_Your goal:_ Set the listing down exactly; no pictures.

_Data provided:_
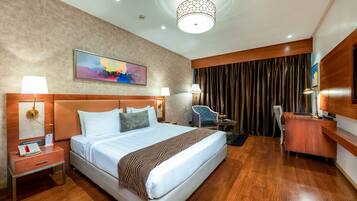 A hotel room with a large bed, a desk, a chair, and a painting on the wall.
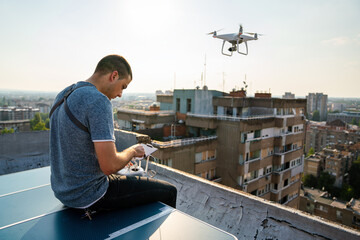 Man operating a drone with remote control on rooftop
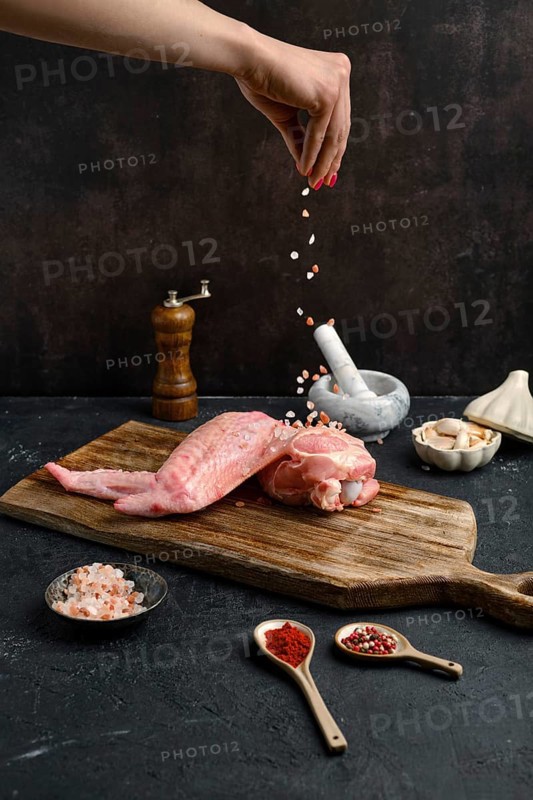 Female hand seasoning with salt raw turkey wing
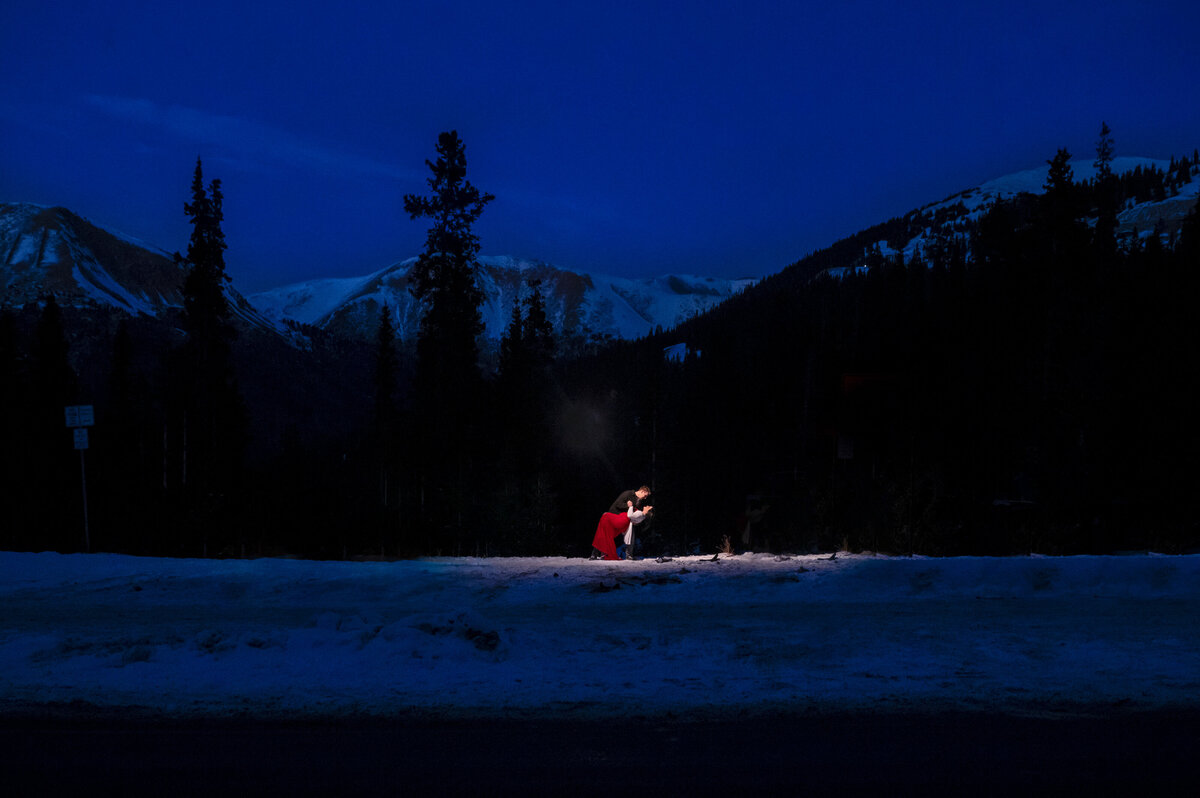 Blue hour engagement photo in the mountains in winter time with snow in a red dress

_Solution to the exercise:_
 A hotel room with a large bed, a desk, a chair, and a painting on the wall.
 Man operating a drone with remote control on rooftop
 Female hand seasoning with salt raw turkey wing
 Blue hour engagement photo in the mountains in winter time with snow in a red dress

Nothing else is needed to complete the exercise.